Once upon a time I worked in a fairytale land. I had my husband working at the same company in a job that made us both happy. My best friend worked three feet away. My boss (a preacher) was a male who without admitting it, enjoys a girl with a nice rack; which is well established that I like mine and am not afraid of showing it. I had free reign of the internet, breaks, lunches, work hours, etc. This combination made coming to work a joy.
Then the economy took a shit on my fairytale. My husband, my best friend, and my boss got let go. All of this leads up too the point of this blog. I am left with the wicked step-mother and her evil daughters. I now sit three feet from my boss who will further be known as the WSM. The WSM does not appreciate a nice rack as hers are bigger than mine and she doesn’t enjoy them at all. So now if I’m not covered to the neck there will inevitably be a comment about skin showing. The WSM is also all about reports, timelines, and micromanaging. She does not appreciate the internet, socializing, or overtime.

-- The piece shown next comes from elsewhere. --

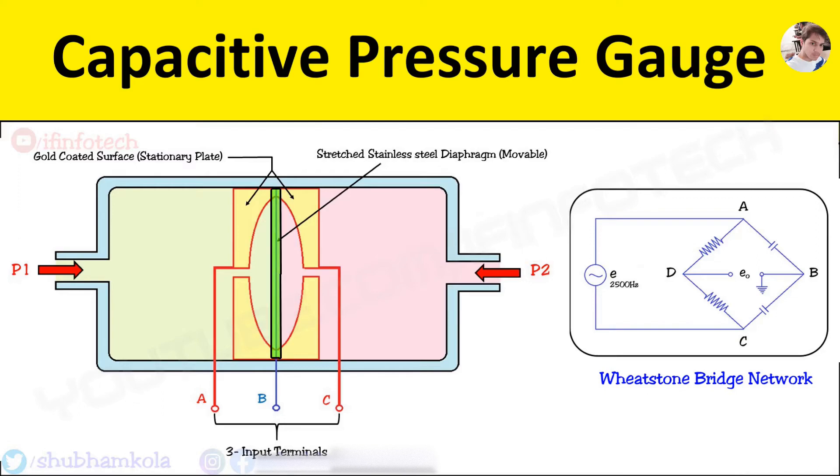A thin stainless steel diaphragm is clamped between the glass disks, which acts as a movable plate. This system is enclosed in a cylinder with two opposing openings as shown in the figure. The two different pressures are passed through two ports P1 and P2. Three terminals are drawn to connect with the Wheatstone bridge network — two terminals from the fixed plate glass disks and one terminal from the movable diaphragm.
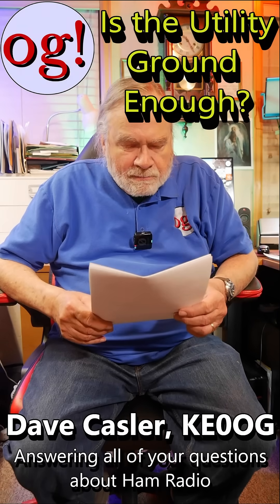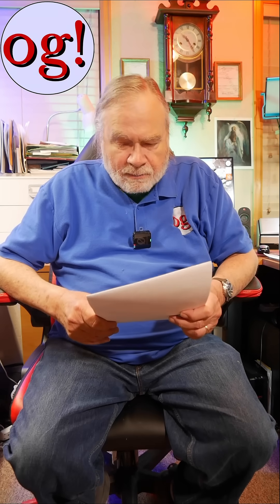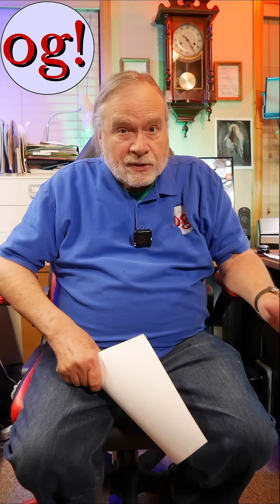Here's a comment from Beck Be Broken Beekeeping on my thoughts on apartment station ground. It says: why not connect to the utility ground via the ground terminal of the closest wall outlet? Well, if you are in an apartment, you're going to find that it may be quite a ways to the box where the actual ground rod is located.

Then we have the step-sisters. These are the shrews the title refers too. They both think they’re perfect. The three of us sit within an arms length of each other. We are all three different age groups. I am in my early thirties. The evil step-sister (ESS) is in her forties, and is the newest addition to our department. She transferred in awhile ago. She is mouthy and positive her way is the right way. She’s just a bitch and proud of it. That’s the only way to explain her. The other one she’s the pain in the ass step-sister (PSS), is in her fifties. She has been doing this job for 10+ years. So she’s always right too and seems to think she’s exempt from doing it the way the WSM wants it. She is a nice person but she sucks the life out of me some days. They don’t like each other, and they don’t like me. Depending on the day and who they’re the crankiest at they run to the WSM and cry about things and then we have to have a meeting. Then post meeting they come out here and bitch about each other to me. It’s a never ending cycle.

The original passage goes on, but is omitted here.